RECORDS SUPPLIED
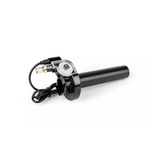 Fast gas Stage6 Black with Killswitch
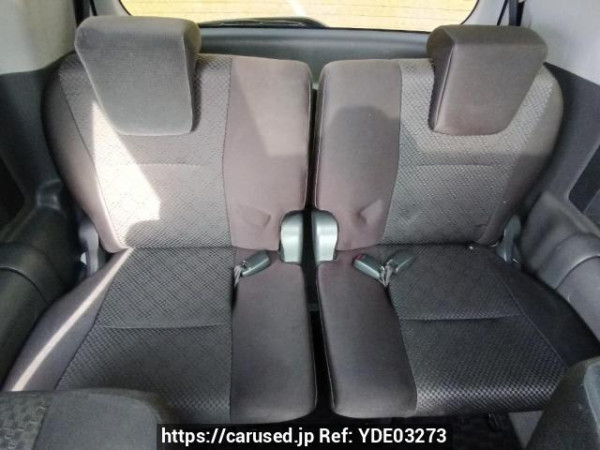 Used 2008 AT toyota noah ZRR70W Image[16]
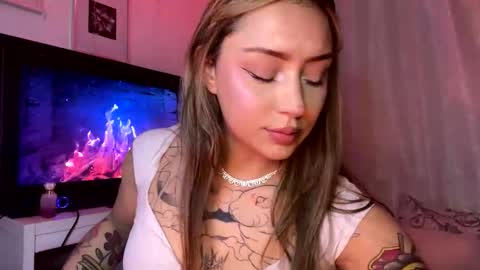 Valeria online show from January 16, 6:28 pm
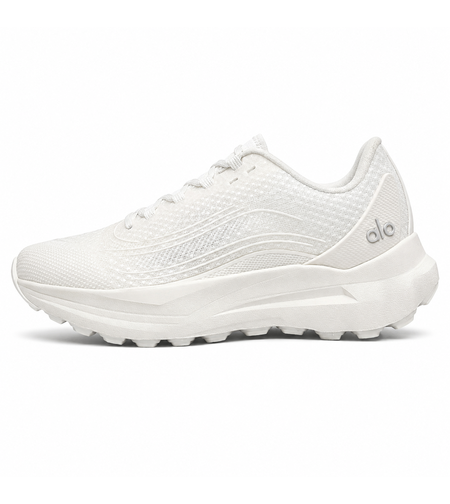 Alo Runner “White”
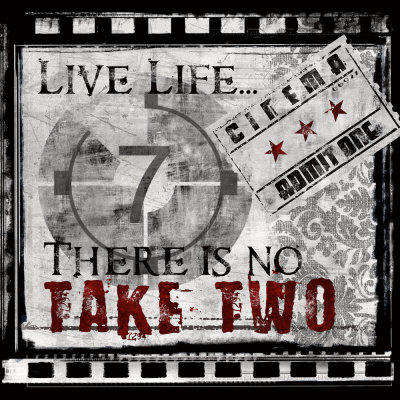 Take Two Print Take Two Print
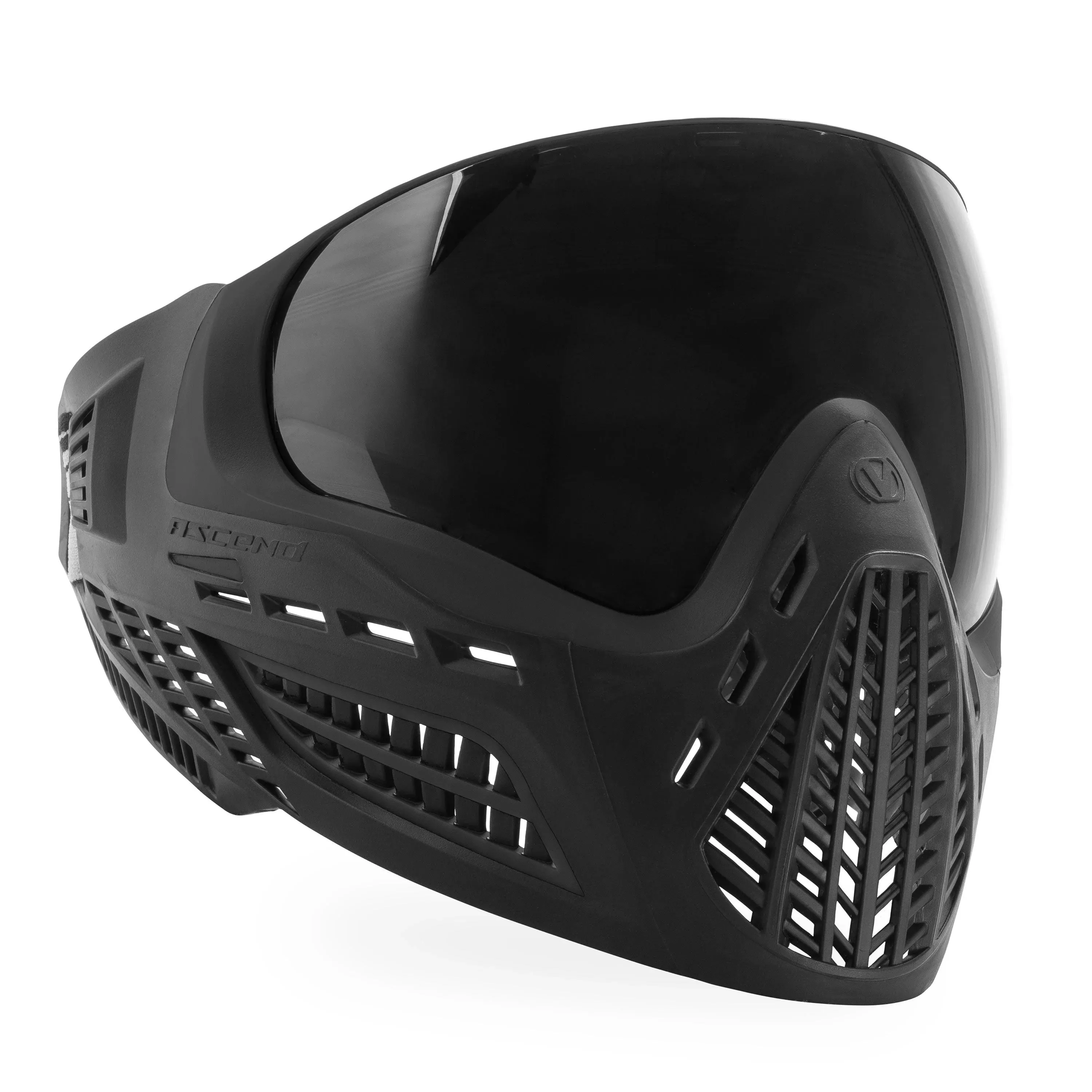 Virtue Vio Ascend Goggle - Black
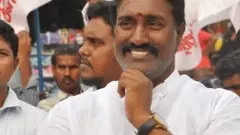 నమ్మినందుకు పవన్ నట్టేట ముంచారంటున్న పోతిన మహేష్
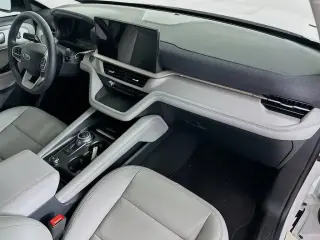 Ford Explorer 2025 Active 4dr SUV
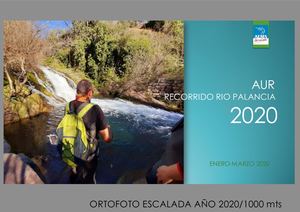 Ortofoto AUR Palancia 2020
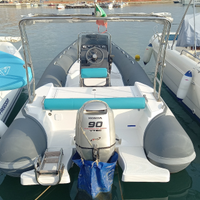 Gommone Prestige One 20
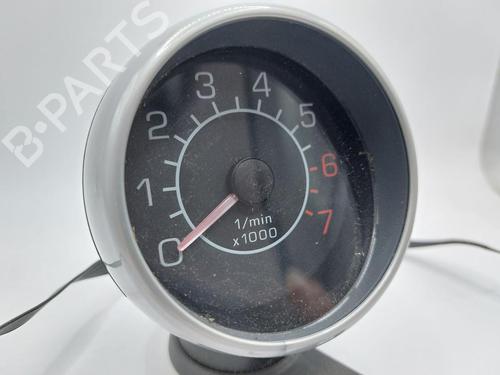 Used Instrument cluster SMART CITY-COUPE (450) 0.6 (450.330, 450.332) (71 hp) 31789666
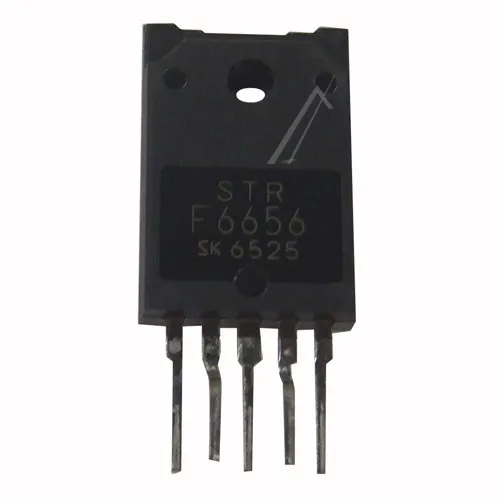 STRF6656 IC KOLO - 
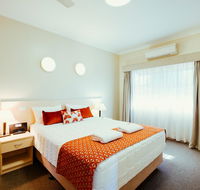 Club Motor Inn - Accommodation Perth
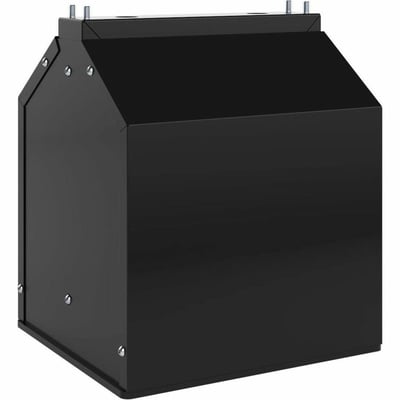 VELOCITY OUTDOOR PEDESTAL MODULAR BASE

PROBLEM STATEMENT
Your reply should hold only the lines from the one that contains "నమ్మినందుకు పవన్ నట్టేట" through the last line of the records above, exact and complete, and no pictures.

FINISHED TASK
 నమ్మినందుకు పవన్ నట్టేట ముంచారంటున్న పోతిన మహేష్
 Ford Explorer 2025 Active 4dr SUV
 Ortofoto AUR Palancia 2020
 Gommone Prestige One 20
 Used Instrument cluster SMART CITY-COUPE (450) 0.6 (450.330, 450.332) (71 hp) 31789666
 STRF6656 IC KOLO - 
 Club Motor Inn - Accommodation Perth
 VELOCITY OUTDOOR PEDESTAL MODULAR BASE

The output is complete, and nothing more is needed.